With the exception of 2011, when Japan's catastrophic earthquake and Thailand flooding choked production down to a trickle, the CR-V has been the bestseller in this class for years, and often the bestseller of all SUVs, great and small. Which raises the tricky question of what's next?
Honda essentially invented the segment in 1995 with the first-generation CR-V, and subsequent generations have kept the Civic-based crossover at the front of the pack.
Introduced last fall, Honda's response to the "what's next" challenge was conservative, even cautious. The wheelbase is unchanged at 103.1 inches -- shortest in this group -- while length and height shrink an inch, to 178.1 and 65.1, respectively.
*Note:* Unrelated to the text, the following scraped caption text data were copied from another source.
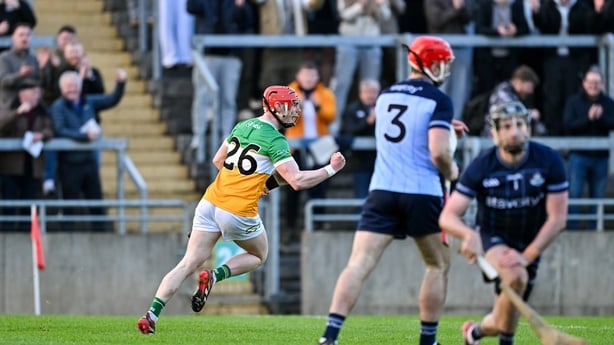 Charlie Mitchell of Offaly scoring his side's fourth goal v Dublin in 2026 Leinster SHC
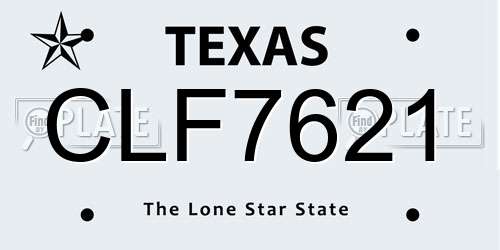 CLF7621 Texas License Plate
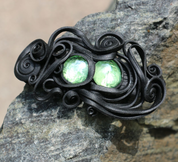 GREEN GLASS, HAIR BROOCH - FANTASY JEWELS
This puts the CR-V at the small end of our test-SUV spectrum, but in typical Honda fashion its interior volume seems to belie the exterior dimensions. Basic cargo capacity -- the space behind the rear seats -- is substantial at 37 cubic feet, as is the space with the rear seats folded: 71 cubic feet. There's also plenty of passenger room, front and rear, and numerous nooks and cubbies for small-object storage, another typical Honda strong suit.
Passive safety features are top drawer -- five stars overall from the National Highway Traffic Safety Administration.
But the interior element that immediately grabs eyeballs is the quality of the materials, the straightforward logic of the various controls, the supportive front bucket seats, and the excellent forward sightlines. Honda's old advertising tagline -- "we make it simple" -- is in evidence here. Acclimating oneself to this vehicle is as easy as getting in, starting the engine, and driving off.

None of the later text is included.